Long pulse FRC sustainment with enhanced edge driven rotating magnetic field current drive

摘要

Field reversed configurations (FRCs) have been formed and sustained for up to 50 normal flux decay times by rotating magnetic fields (RMFs) in the translation, confinement, and sustainment experiment. For these longer pulse times a new phenomenon has been observed: switching to a higher performance mode delineated by shallower RMF penetration, higher ratios of generated poloidal to RMF drive field, and lower overall plasma resistivity. This mode switching is always accompanied by, and perhaps triggered by, the spontaneous development of a toroidal field with a magnitude up to 20% of the peak poloidal field.
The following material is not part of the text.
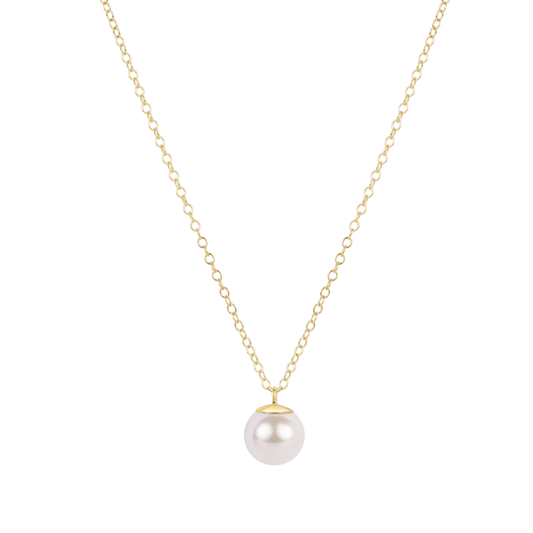 enewton 16" Necklace Gold Classic Pearl 8mm Charm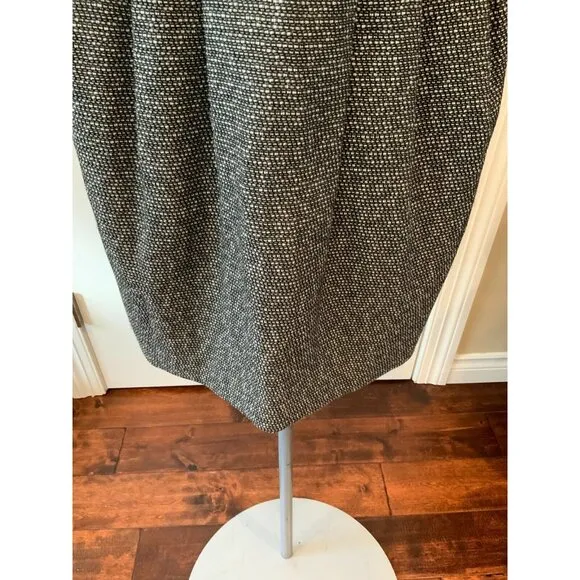 Jason Wu Black &amp; White Tweed Pleated Skirt, Size 2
The global data cannot be explained by previous RMF theory based on uniform electron rotational velocities or by numerical calculations based on uniform plasma resistivity, but agrees in many respects with new calculations made using strongly varying resistivity profiles. In order to more realistically model RMF driven FRCs with such non-uniform resistivity profiles, a double rigid rotor model has been developed with separate inner and outer electron rotational velocities and resistivities. The results of this modelling suggest that the RMF drive results in very high resistivity in a narrow edge layer, and that the higher performance mode is characterized by a sharp reduction in resistivity over the bulk of the FRC.